** DATASET ENTRIES follows **

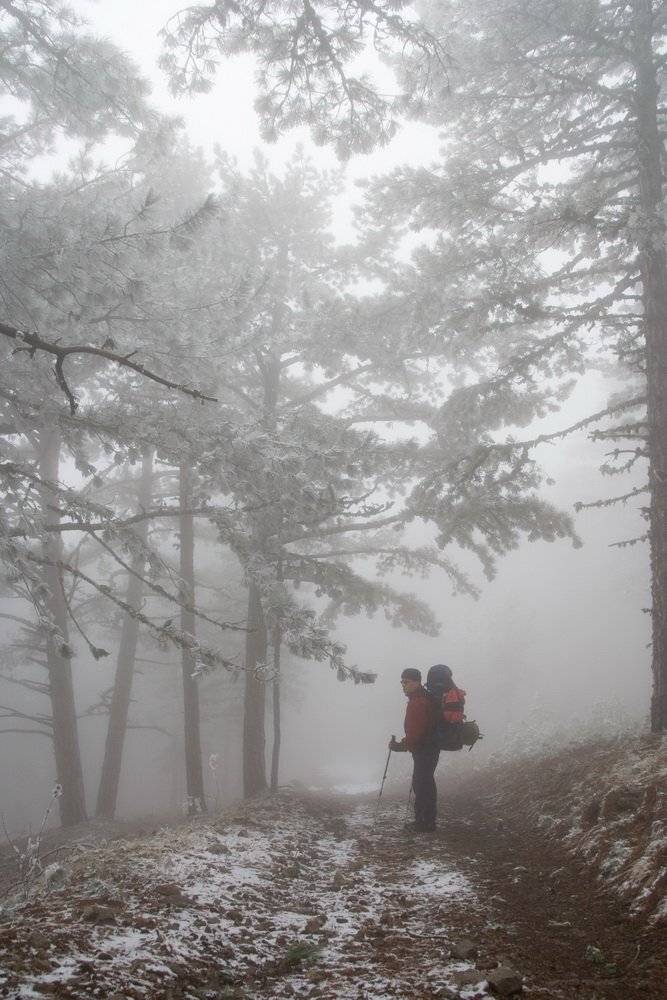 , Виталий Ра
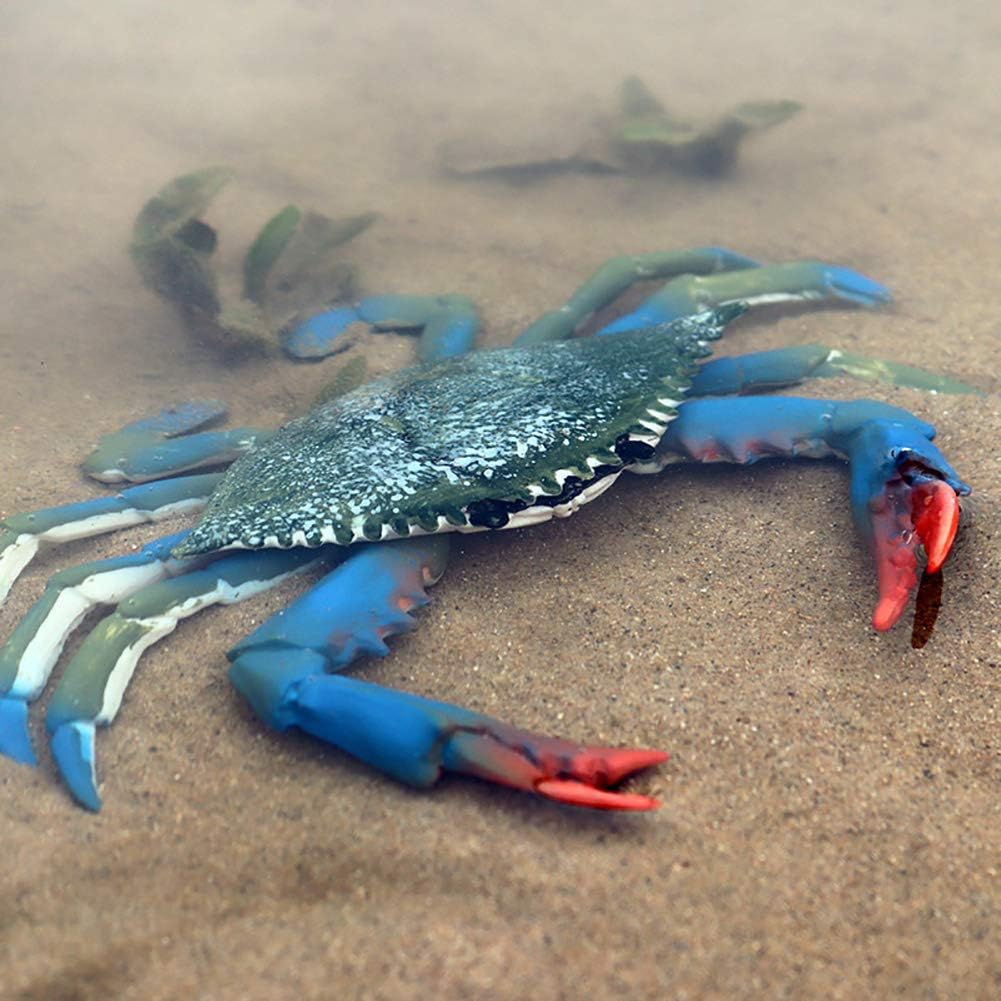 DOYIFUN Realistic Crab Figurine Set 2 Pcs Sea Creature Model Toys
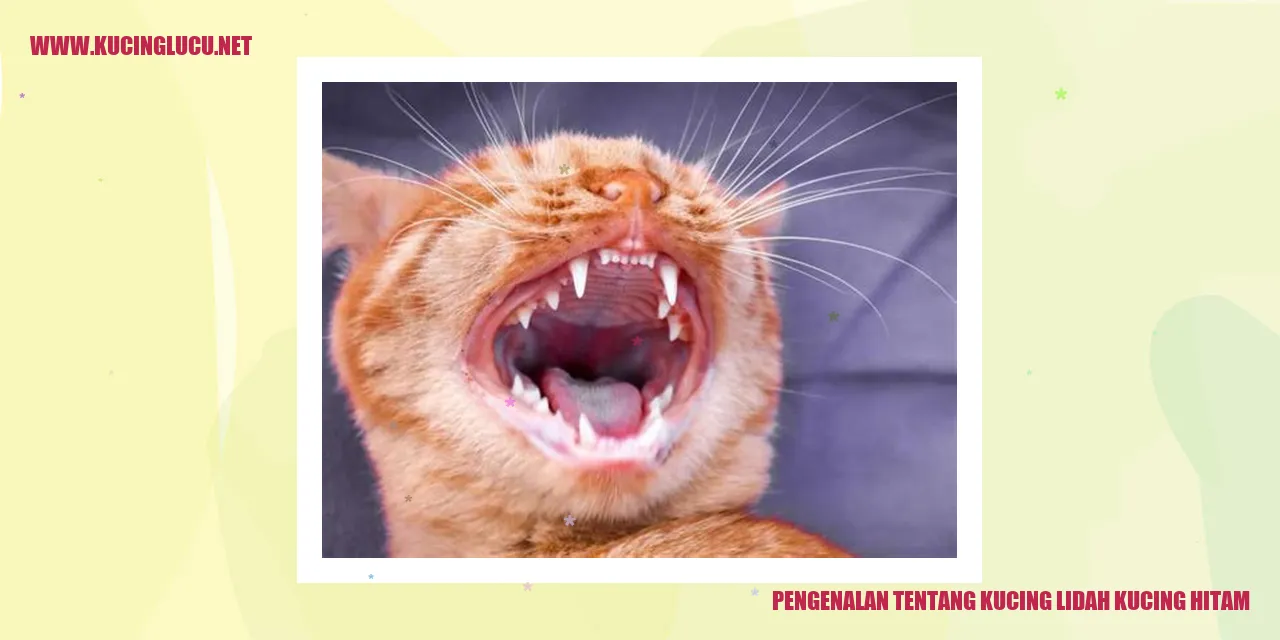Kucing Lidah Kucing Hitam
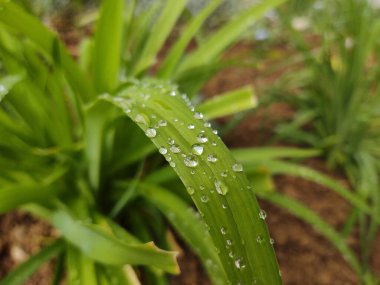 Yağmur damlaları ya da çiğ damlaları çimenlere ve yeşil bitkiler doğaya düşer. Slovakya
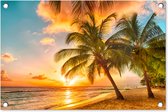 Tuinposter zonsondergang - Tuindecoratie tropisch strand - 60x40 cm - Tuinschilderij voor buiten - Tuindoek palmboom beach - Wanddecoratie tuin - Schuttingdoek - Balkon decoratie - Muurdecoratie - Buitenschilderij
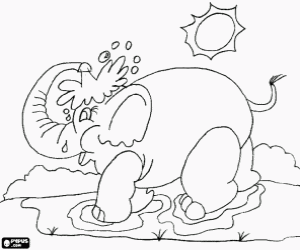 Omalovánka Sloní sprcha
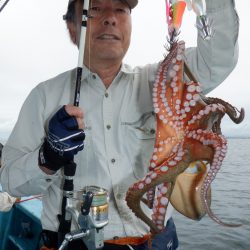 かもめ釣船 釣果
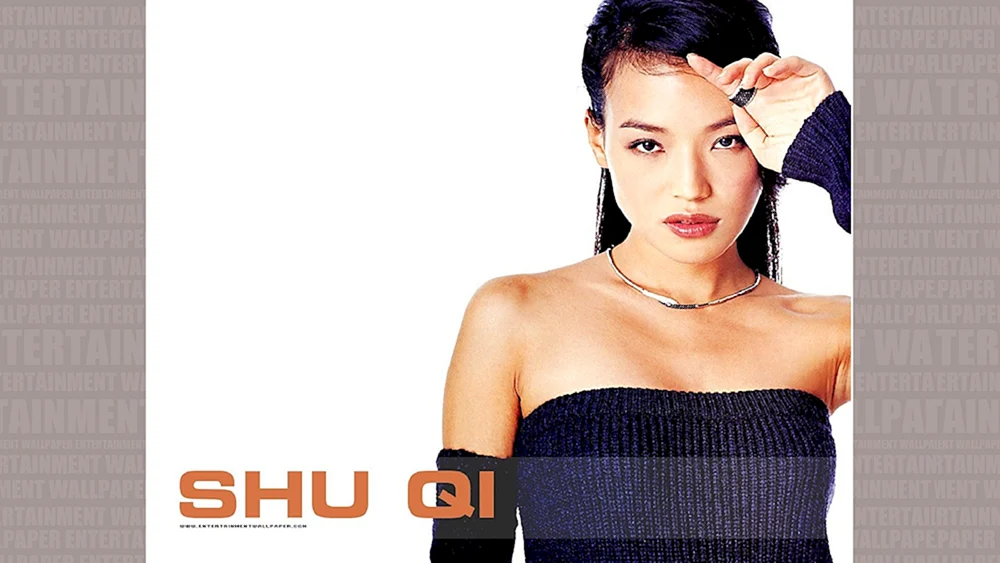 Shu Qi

** End of DATASET ENTRIES **

* _TASK DESCRIPTION_:
Could you repeat all of the entries exactly, without the pictures?

* _THE COMPLETED TASK_:
 , Виталий Ра
 DOYIFUN Realistic Crab Figurine Set 2 Pcs Sea Creature Model Toys
Kucing Lidah Kucing Hitam
 Yağmur damlaları ya da çiğ damlaları çimenlere ve yeşil bitkiler doğaya düşer. Slovakya
 Tuinposter zonsondergang - Tuindecoratie tropisch strand - 60x40 cm - Tuinschilderij voor buiten - Tuindoek palmboom beach - Wanddecoratie tuin - Schuttingdoek - Balkon decoratie - Muurdecoratie - Buitenschilderij
 Omalovánka Sloní sprcha
 かもめ釣船 釣果
 Shu Qi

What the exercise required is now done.